Okay. And then also can you briefly talk about any potential, I guess, size of any potential partnership for the Hsp90 program, what sort of deal terms will you be looking for?

Yes, we are looking at achieving what we would consider a substantive transaction that would give it guidance. I would say $15 million upfront would be sort of the low end of what we would consider to be adequate compensation on that in terms of extending our runway, but we would expect to have significant financial upside through milestones, etc.
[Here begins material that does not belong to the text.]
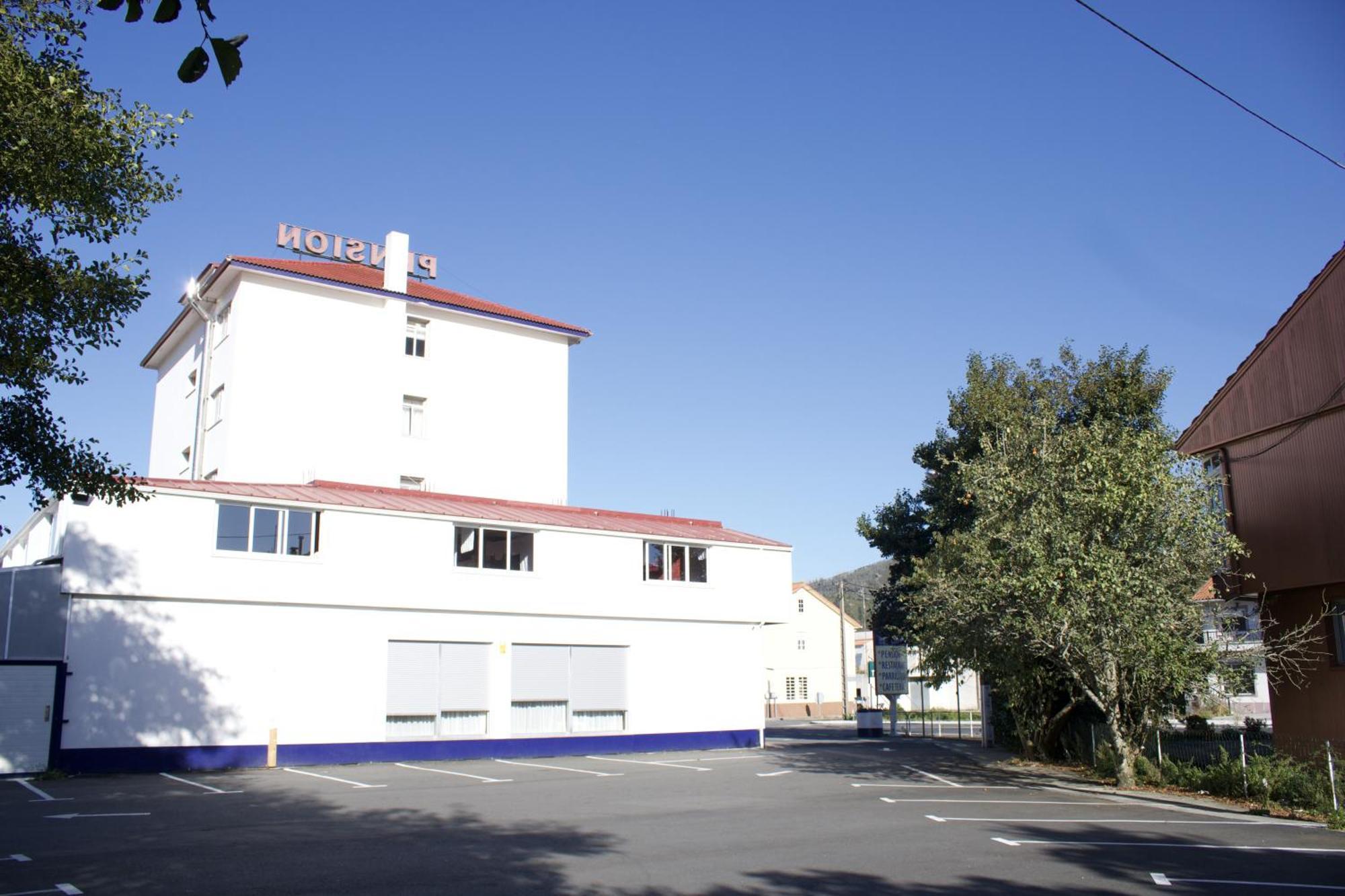 Pension Santos Vimianzo Kültér fotó
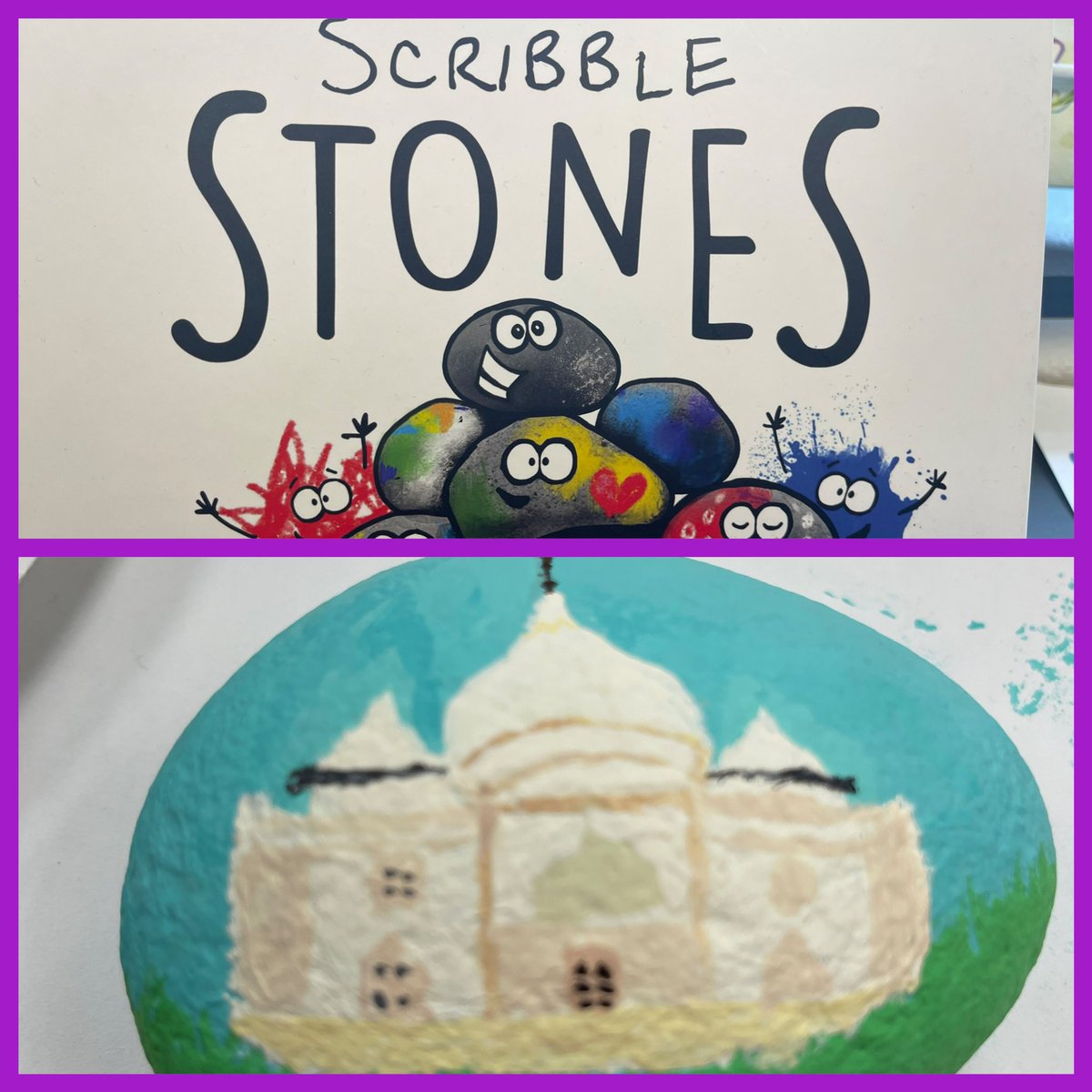 werosta_teach's tweet photo. Today we made our own scribble stones … here’s a few! #scribblestones #fifthgraderocks @ArtIndianFields @SBSDIF @prattien @DuboisSb @imnotascribble https://t.co/ucgWYqkvWQ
Okay and I think that is it for me.

(Operator Instructions). With no further questions in the queue, I would like to turn the call back over to Mr. Gray for closing remarks.

I would just like to thank everybody for joining us again this quarter and we look forward to updating you in a few months at the year-end call. Thanks.

Okay, thank you very much.

Thank you for your participation in today's conference. This does conclude your presentation. You may now disconnect and have a great day.